Dear Friend,
The other night, I completely lost it.
Everything I’d been holding in, every little frustration, every quiet disappointment, every “I should be further by now”, came spilling out all at once.
When I finally found myself alone, sitting in the stillness of my room, I sent a message to a friend. They’ve always been the one to tell me the truth, even when it’s not what I want to hear, and I waited for their response.
I stayed up for hours, thinking about my life and all the places I thought I’d be by now in my career, in relationships, in who I am as a person. I felt behind, like somehow everyone else had it figured out except me.
When my friend replied the next morning, the first thing she said was, “You’re being too hard on yourself.”
I took a deep breath and let her words sink in. And the more we talked, the more I realized how often I treat myself with a kind of quiet cruelty. The kind that hides beneath “motivation” and “discipline,” but really comes from fear.
Ever since I was a kid, I can remember this voice inside me whispering that I had to be perfect. Perfect grades. Perfect behavior. Perfect everything.
If I wasn’t achieving, then I wasn’t enough.
If I wasn’t doing something, then I was falling behind.
If I wasn’t put together, then people wouldn’t respect me.
So I filled every hour, bottled down every feeling, and told myself that rest was weakness.
But somewhere along the way, all that striving chipped away at my softness, my self-love, my confidence, my peace.

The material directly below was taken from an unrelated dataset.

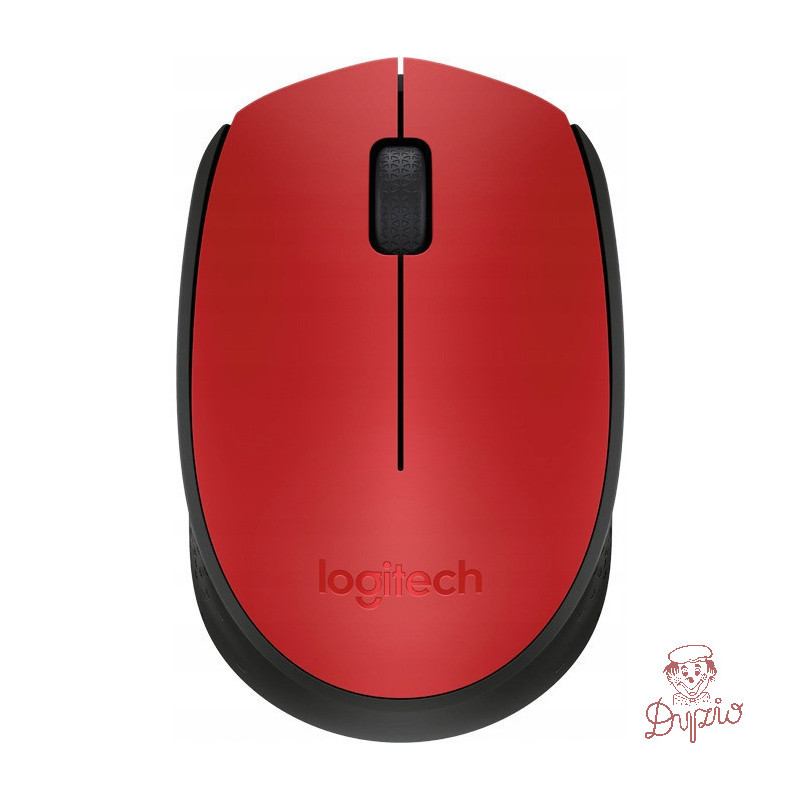 Mysz bezprzewodowa LOGITECH M171 czerwona 910-004641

It’s taken me twelve years to understand that being hard on yourself doesn’t make you stronger. It just makes you tired.
My friend said something that stayed with me: “How you treat yourself is your greatest power, but it can also be the thing that ruins you.”
That hit me.
Because it’s true.
The way we speak to ourselves becomes the way we move through the world. If you constantly see yourself as not enough, you’ll start to believe it’s true. And the world will reflect that belief right back at you.
So this is your reminder, and mine too:
You are doing more than you think you are.
You don’t have to have it all figured out to be worthy of love or rest or peace.
You can still be soft and strong at the same time.
Softness isn’t weakness. It’s courage.
It’s choosing to be gentle in a world that tells you to be harder.
It’s believing you’re enough, even when your mind tries to convince you otherwise.
Be kind to yourself.
You deserve that kind of love, especially from you.